Klangporträts der realen Welt

Ein früher Erfolg war „Black and Tan Fantasy“ (1927), das sich auf den Namen der Klubs bezog, wo ein gemischtes Publikum Schwarzer und Weißer zugelassen war. Der Inhalt dieser Komposition war sozialkritisch: eine schwarze Tänzerin tanzt sich aus Liebe und finanzieller Not zu Tode. Die Musik beinhaltete Elemente des Blues, Jazz, sakrale sowie klassische europäische Musik (Chopins Trauermarsch). Diese bemerkenswerte Komposition war eine direkte Herausforderung an die abfälligen Stereotypen, die mit der damals sogenannten „Dschungelmusik“ verbunden waren. Seine synkopierten Rhythmen, Improvisation und der Einsatz von Blechblasinstrumenten spielte darauf an und hob diesen Sound auf ein sehr anspruchsvolles Niveau.

Ellingtons Klassenbewusstsein, besonders was die schwarze Arbeiterklasse betraf, war oft subtil in seine Kompositionen eingewoben. Kompositionen wie beispielsweise „Harlem Air Shaft“ (1940) sind hervorragende Beispiele für seine Fähigkeit, das Leben in urbanen schwarzen Gemeinden darzustellen. In „Harlem Air Shaft“ porträtiert Ellington musikalisch die beengten Wohnbedingungen und die lebhafte Atmosphäre eines Wohnhauses in Harlem. Der Titel bezieht sich auf die Luftschächte in den Harlemer Wohnhäusern und fängt die Atmosphäre der belebten Straßen, überfüllten Mietskasernen und einer pulsierenden Energie ein. Ellington nutzt die Musik, um ein Klangporträt des Alltags in diesem Viertel zu zeichnen, wobei er Elemente des Swing, Blues und der Improvisation einfließen lässt, um die Wahrzeichen und Geräusche Harlems zu evozieren.

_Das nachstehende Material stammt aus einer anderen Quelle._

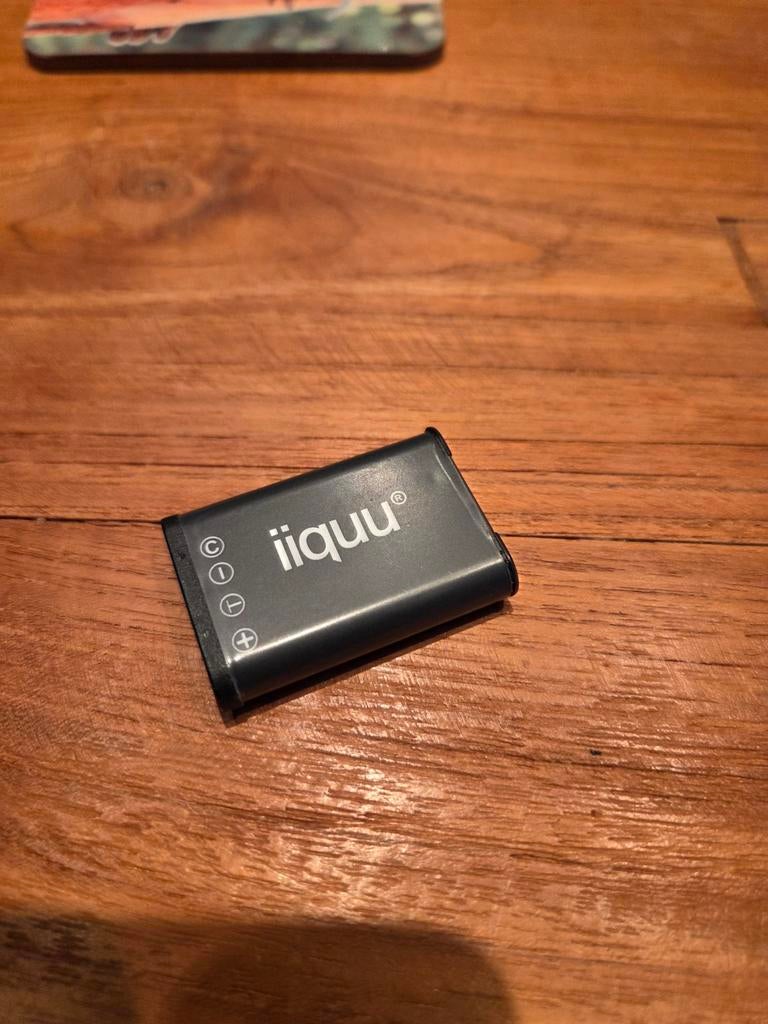 IIQUU accu SONY NP BX01, Ophalen of Verzenden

Als die Bürgerrechtsbewegung in den 1950er Jahren an Dynamik gewann und durch direkte Aktionen wie Massenproteste, Boykotte und Sit-ins für die Gleichberechtigung der Schwarzen eintrat, wurde Ellington zuweilen für sein verhalteneres Herangehen kritisiert. Während Ellingtons frühere Vorgehensweisen hauptsächlich darin bestanden, ein spezifisch schwarzes Genre mit hohem künstlerischen Niveau und Würde zu versehen sowie Benefizkonzerte zu organisieren, entwickelte sich sein Ansatz im Laufe der Zeit. 1961 hatte Ellington in seinen Verträgen Nichtdiskriminierungsklauseln verankert und weigerte sich, vor segregiertem Publikum aufzutreten.

„Jazz-Botschafter“

In den 1960er und 1970er Jahren, trat Ellington als „Jazz-Botschafter“ im Auftrag des US-Außenministeriums auf. Er bereiste in jenen Jahren auch sozialistische Länder einschließlich einer fünfwöchigen Tour durch die UdSSR im Jahre 1971. Er berichtet: „Hier rührt sich niemand von seinem Platz, bis das ganze Konzert und alle Zugaben gespielt sind. Das beeindruckt mich sehr. Die Begeisterung ist so groß und die Forderung nach Zugaben so hartnäckig, dass manche Konzerte über vier Stunden dauern. (…) Sie sind auf unsere Version von ‚Caravan‘ vorbereitet, die in Russland seit langem sehr beliebt ist, aber nicht auf unsere erweiterte Komposition ‚Harlem‘, wie ich glaube. Nachdem wir unser reguläres Programm durchgespielt haben und sie glauben, alle Stars der Band gehört zu haben, stelle ich zwei der neuen Mitglieder vor, Johnny Coles am Flügelhorn und Harold Minerve am Altsaxophon, die sie immer wieder begeistern. Zum Abschluss jedes Auftritts spiele ich Billy Strayhorns ‚Lotus Blossom‘, und auch das kommt immer gut an. Es scheint das Publikum in Euphorie zu versetzen, ja mehr als das.“

Emanzipationsanspruch

Während der 1930er Jahre entstand die Idee einer groß angelegten Komposition zur Rassismuserfahrung in den USA. Die Uraufführung von „Black, Brown and Beige: A Tone Parallel to the History of the American Negro“ (Schwarz, Braun und Beige: Eine klangliche Parallele zur Geschichte der Afroamerikaner) fand 1943 in der Carnegie Hall anlässlich einer Benefizveranstaltung für Russian War Relief (Kriegshilfe für Russland) statt. Die dreisätzige Komposition behandelte drei spezifische Epochen der Afrikaner nach ihrer Versklavung nach Nordamerika: die Sklaverei, ihren Kampf in den Kriegen sowie die damalige Gegenwart mit dem Schwerpunkt auf „Harlem und alle kleinen Harlems in den USA“. Ellington gab Erläuterungen zu jedem Satz, zu der jeweiligen Epoche mit indirekten Verweisen auf die anhaltende Unterdrückung. Wie Ellington in seinen autobiografischen Memoiren „Music is My Mistress“ (1973) schreibt, thematisiert der erste Abschnitt „Black“ die Verbindung zwischen Arbeitslied und Spiritual. Ellington, ein gläubiger Mensch, stellte diese Verbindung zwischen sakraler Musik und der Musik auf den Feldern her, wobei die Spirituals auf eine Kirche verwiesen, zu der die Sklaven keinen Zugang hatten.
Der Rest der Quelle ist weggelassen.